Но эта мразь, чтобы получать зарплату, каждый месяц должна «ставить палки в отчеты» о своей полезной деятельности, она же ежемесячно должна кого-то в тюрьмы сажать. А кого? Реальных преступников? Ну, так реальные преступники настолько срослись с властью и начальниками всей этой властной мрази, что их не посадишь. А тех, кто не сросся, и мало, и поймать их трудно. А сажать-то надо регулярно!! Это с одной стороны.

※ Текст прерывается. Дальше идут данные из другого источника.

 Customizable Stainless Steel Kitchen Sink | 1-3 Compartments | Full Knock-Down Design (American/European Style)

Теперь, с другой стороны, о зарекающихся. Вот давайте подумаем, кого в России меньше всего волнует политика, кого меньше всего волнует вопрос, Путин в Кремле или не Путин, кого меньше всего волнует, кто там сидит в тюрьмах и справедливо ли сидит, короче, кто в нашей жизни наиболее уверенно зарекается сам сесть в тюрьму? Наверное, это, во-первых, наркоманы и разного рода пьянь. Им главное — кайф, а на политику им ни интереса, ни ума не хватает. Как телевизор скажет, так им и правильно! Лучшие патриоты нынешней России!
И еще — мелкие буржуа, предприниматели, разного рода менеджеры, стремящиеся «выйти в люди». По-настоящему богатые предприниматели, чтобы сохранить богатство, или удирают из России, или, все же, политикой интересуются. А мелким не до политики — им бы загородный дом соорудить, как у соседей, им бы еще одну тачку купить — крутую, как у соседей. А в остальном — слава России! Слава Путину!

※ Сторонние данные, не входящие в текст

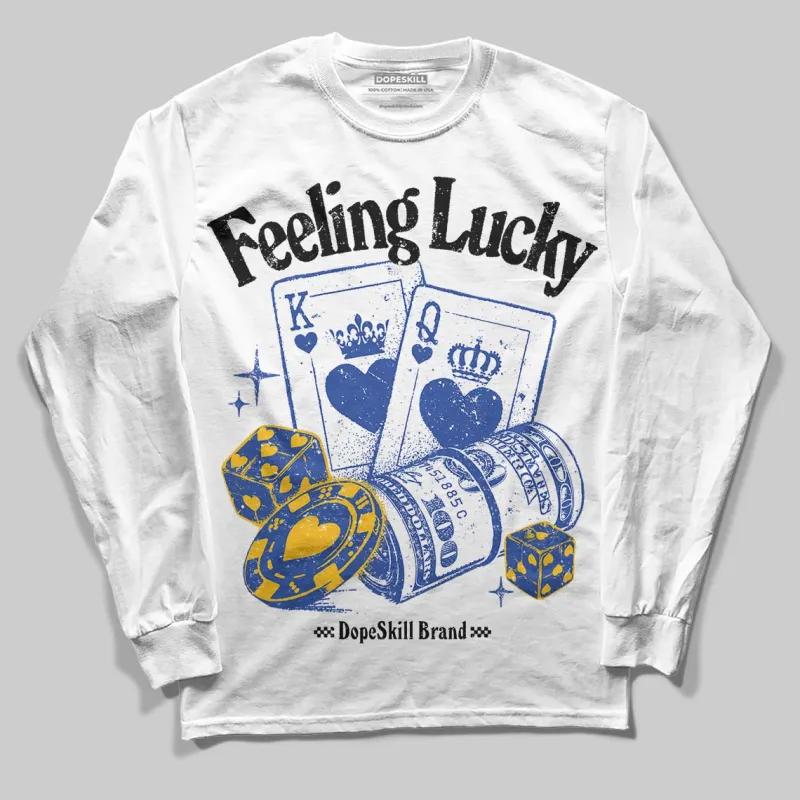 Royal Blue Collection DopeSkill Long Sleeve T-Shirt Feeling Lucky Graphic sold by DopeSkill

Пьянство в России вообще легально, наркомания законна (если покупаешь дозу только себе). Чего им всем тюрьмы бояться? По телевизору уверяют, что мелкий бизнес в России поощряется, так чего бизнесмену бояться тюрьмы? Если, конечно, платишь «кому надо». То есть у этих патриотов как бы есть основания зарекаться — если они «не будут наглеть», то в тюрьму никогда не попадут.
Так вот, я уже писал о том, что в Бутырке «на глаз» процентов 40 сидит по статье 228 УК с вариантами («наркотики») и столько же — по статье 159 УК с вариантами («мошенничество»). И, что интересно, из этих сидельцев минимум половина была ошарашена тем, что они вообще сидят, поскольку на воле эти люди были уверены, что никогда в тюрьму не попадут! Да и со стороны их попадание в тюрьму тоже выглядит удивительным.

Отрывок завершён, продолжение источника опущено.